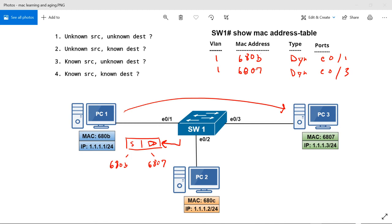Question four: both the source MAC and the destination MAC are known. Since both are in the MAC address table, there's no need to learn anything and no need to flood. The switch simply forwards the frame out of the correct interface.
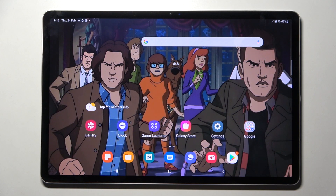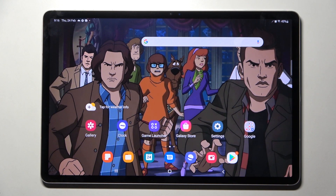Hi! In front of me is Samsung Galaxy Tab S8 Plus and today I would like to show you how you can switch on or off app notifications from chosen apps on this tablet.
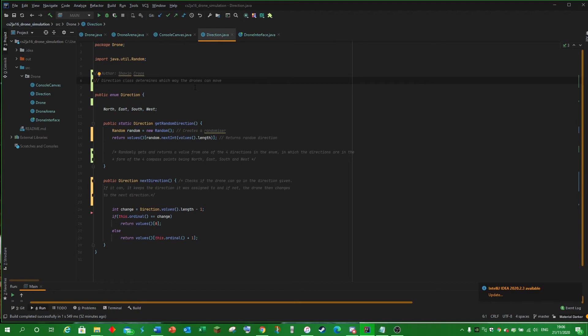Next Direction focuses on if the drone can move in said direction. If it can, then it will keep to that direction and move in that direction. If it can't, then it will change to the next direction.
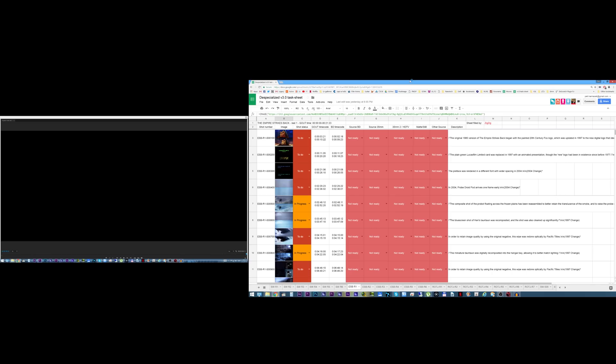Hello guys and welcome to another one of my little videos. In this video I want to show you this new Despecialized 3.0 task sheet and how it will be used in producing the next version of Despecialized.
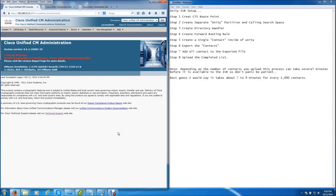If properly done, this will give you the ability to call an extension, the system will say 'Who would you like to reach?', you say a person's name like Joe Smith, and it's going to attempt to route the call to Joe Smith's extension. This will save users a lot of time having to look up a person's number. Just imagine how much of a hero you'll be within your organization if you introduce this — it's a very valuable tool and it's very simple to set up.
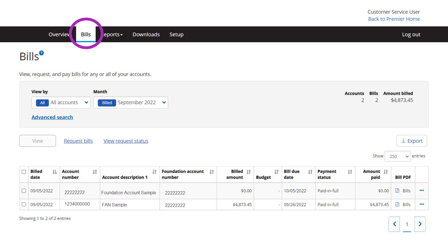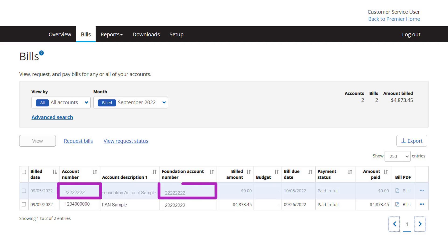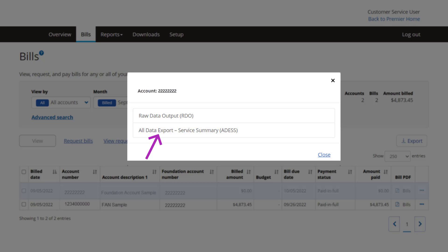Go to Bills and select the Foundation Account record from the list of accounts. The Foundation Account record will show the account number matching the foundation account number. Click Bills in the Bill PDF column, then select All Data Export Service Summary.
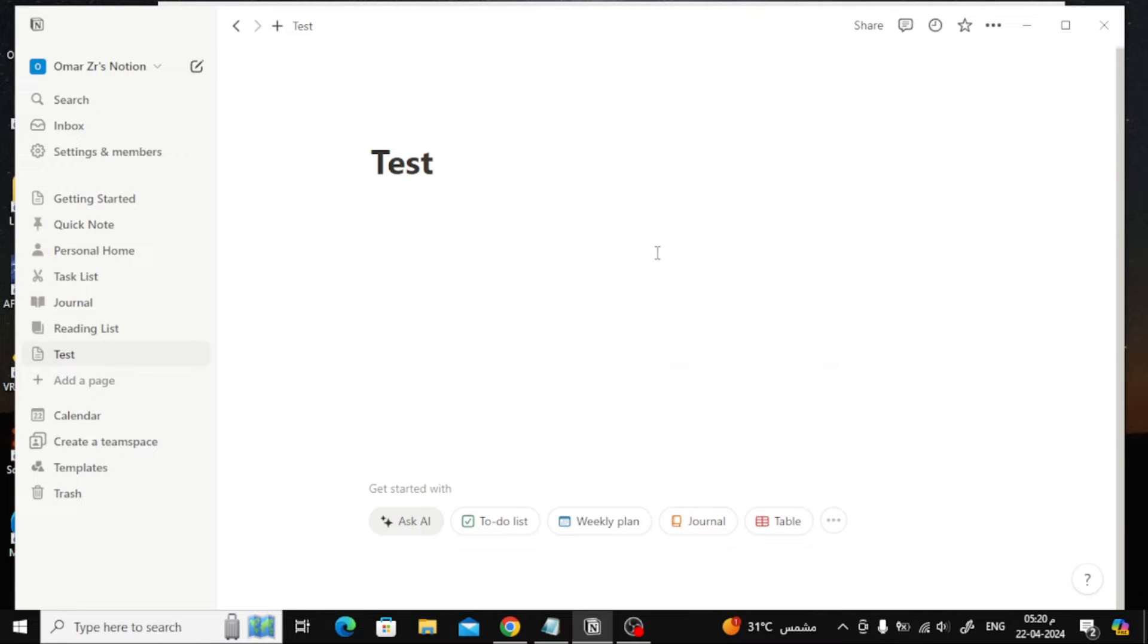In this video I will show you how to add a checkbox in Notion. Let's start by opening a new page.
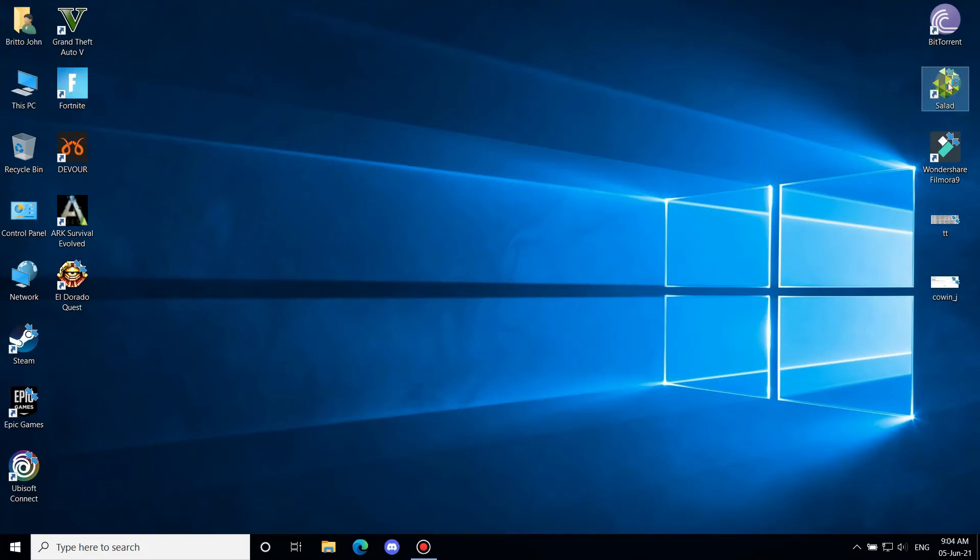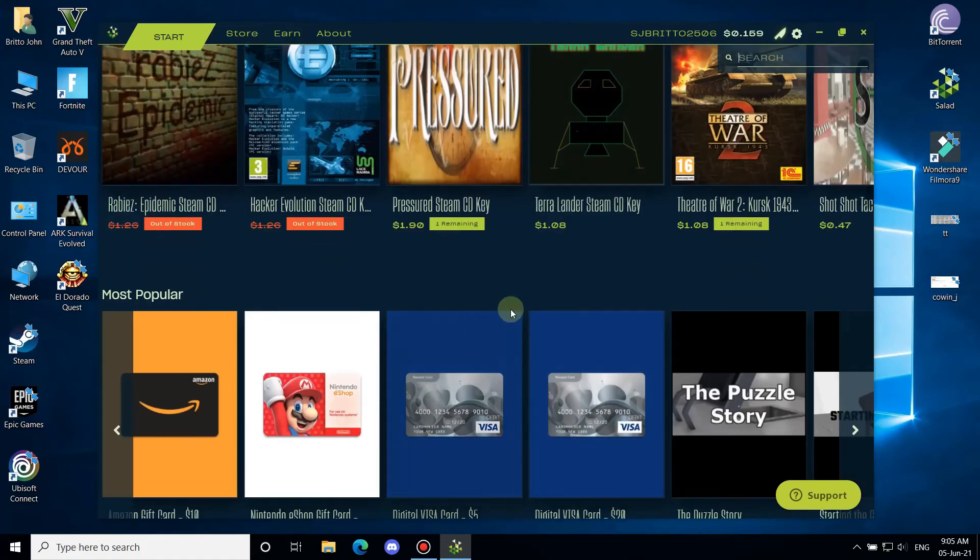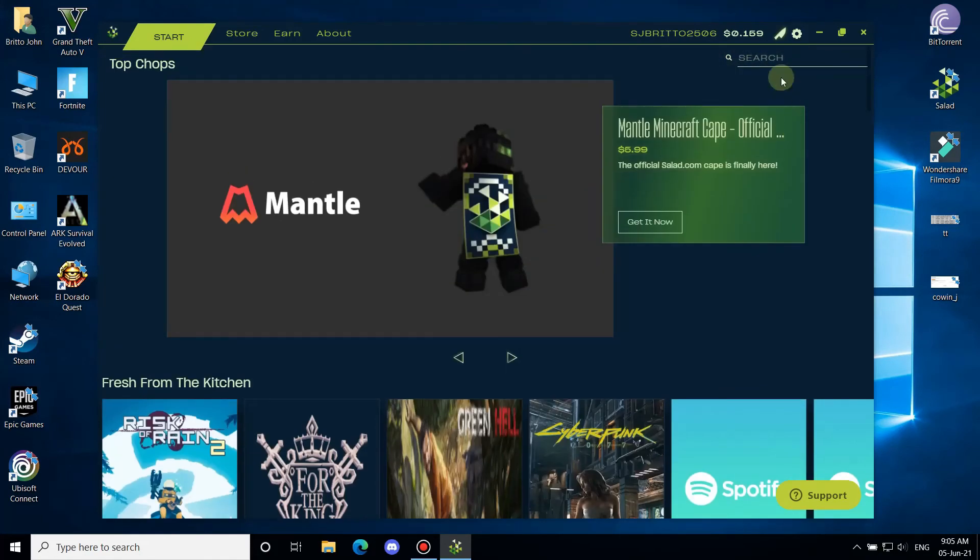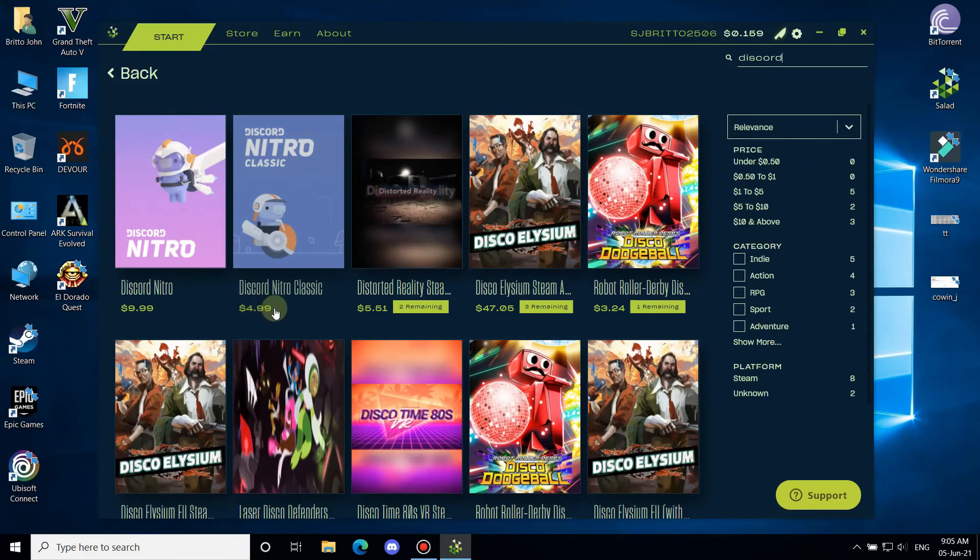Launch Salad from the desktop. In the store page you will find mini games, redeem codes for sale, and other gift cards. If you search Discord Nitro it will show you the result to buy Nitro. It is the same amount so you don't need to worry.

* * *

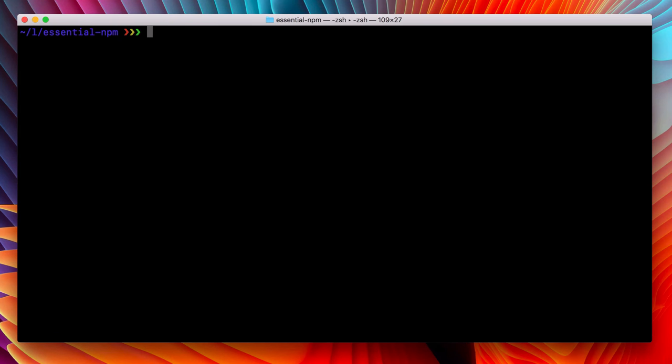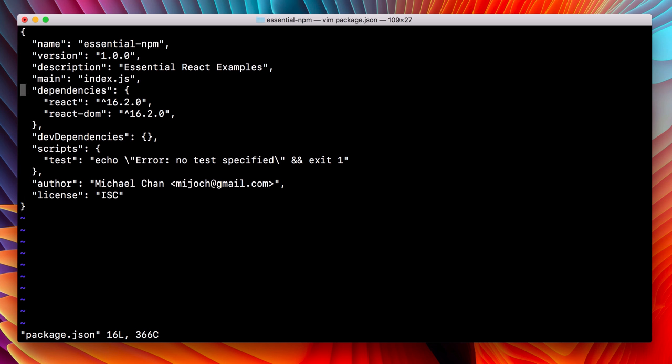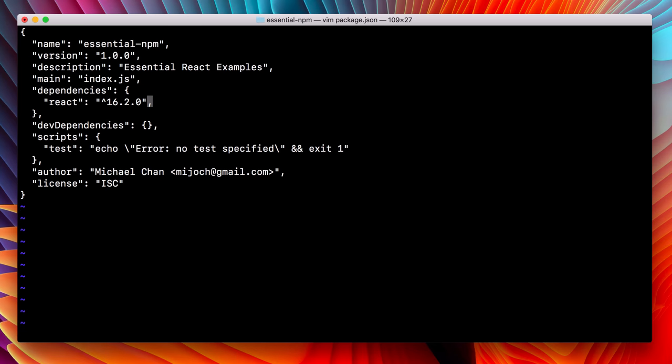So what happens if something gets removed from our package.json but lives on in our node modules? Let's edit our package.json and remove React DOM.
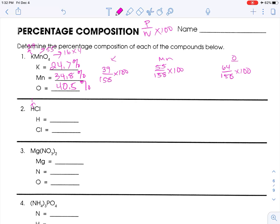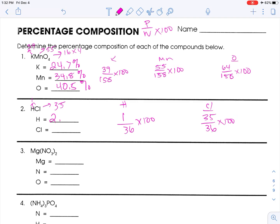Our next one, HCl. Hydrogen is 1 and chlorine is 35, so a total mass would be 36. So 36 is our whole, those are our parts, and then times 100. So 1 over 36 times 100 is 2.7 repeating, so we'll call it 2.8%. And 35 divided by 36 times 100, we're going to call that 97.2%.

---

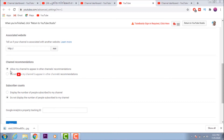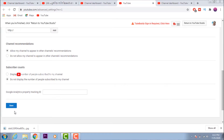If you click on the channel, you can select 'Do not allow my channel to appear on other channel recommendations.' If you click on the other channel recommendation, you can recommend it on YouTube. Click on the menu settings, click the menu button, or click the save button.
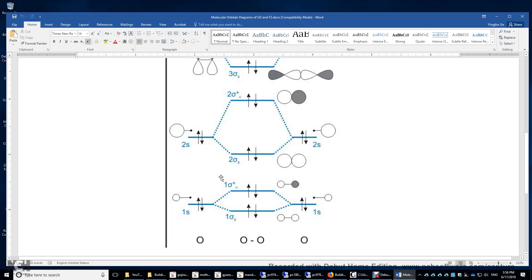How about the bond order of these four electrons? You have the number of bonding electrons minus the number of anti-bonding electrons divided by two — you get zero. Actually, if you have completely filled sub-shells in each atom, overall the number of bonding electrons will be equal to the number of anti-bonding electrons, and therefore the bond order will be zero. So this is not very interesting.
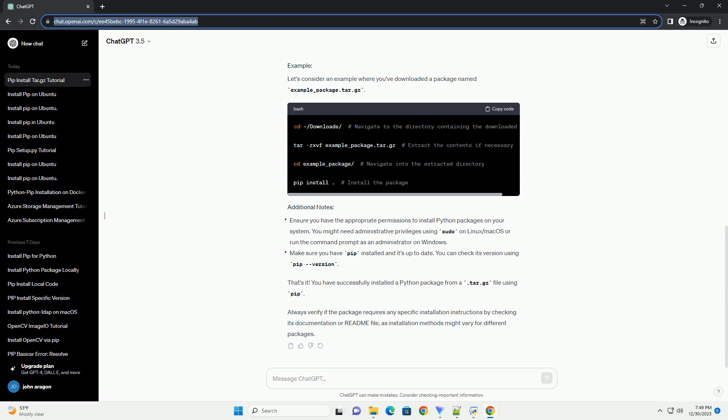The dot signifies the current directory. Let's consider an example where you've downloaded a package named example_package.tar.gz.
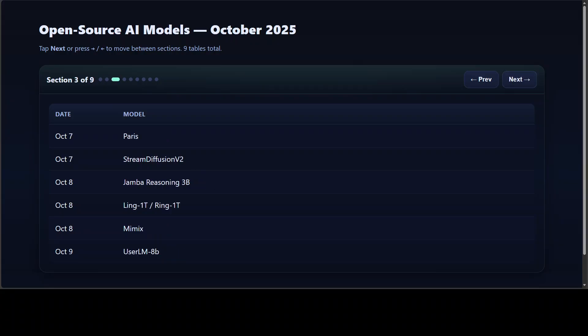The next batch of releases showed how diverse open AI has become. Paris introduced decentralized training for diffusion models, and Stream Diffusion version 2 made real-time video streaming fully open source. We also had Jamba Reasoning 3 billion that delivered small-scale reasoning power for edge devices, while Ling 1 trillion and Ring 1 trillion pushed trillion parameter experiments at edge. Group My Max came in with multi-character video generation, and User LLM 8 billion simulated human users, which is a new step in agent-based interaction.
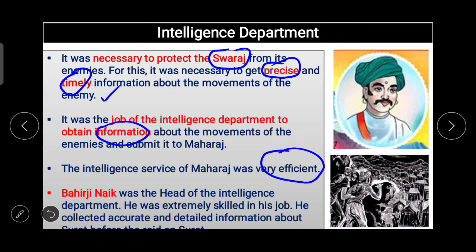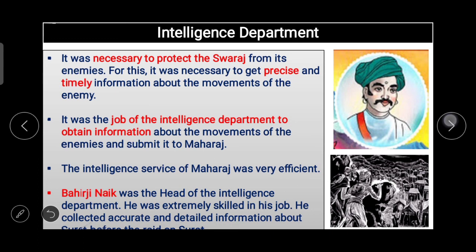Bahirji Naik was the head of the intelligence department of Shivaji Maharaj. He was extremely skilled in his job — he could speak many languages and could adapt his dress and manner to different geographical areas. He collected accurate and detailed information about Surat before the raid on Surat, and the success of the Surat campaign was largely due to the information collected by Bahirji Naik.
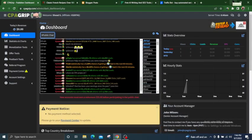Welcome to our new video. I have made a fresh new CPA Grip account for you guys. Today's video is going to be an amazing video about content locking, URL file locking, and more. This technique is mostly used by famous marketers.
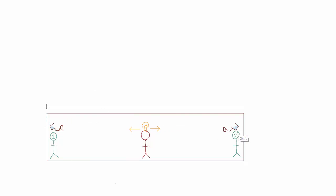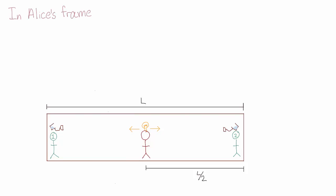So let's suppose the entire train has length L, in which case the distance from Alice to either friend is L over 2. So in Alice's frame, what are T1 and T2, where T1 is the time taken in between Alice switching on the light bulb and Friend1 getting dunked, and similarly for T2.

§ ABOUT THIS EXERCISE
Reproduce exactly, with no pictures, the lines above from the one holding "Bahirji Naik was" to the one holding "Welcome to our", inclusive.

§ EXERCISE ANSWER
Bahirji Naik was the head of the intelligence department of Shivaji Maharaj. He was extremely skilled in his job — he could speak many languages and could adapt his dress and manner to different geographical areas. He collected accurate and detailed information about Surat before the raid on Surat, and the success of the Surat campaign was largely due to the information collected by Bahirji Naik.
Welcome to our new video. I have made a fresh new CPA Grip account for you guys. Today's video is going to be an amazing video about content locking, URL file locking, and more. This technique is mostly used by famous marketers.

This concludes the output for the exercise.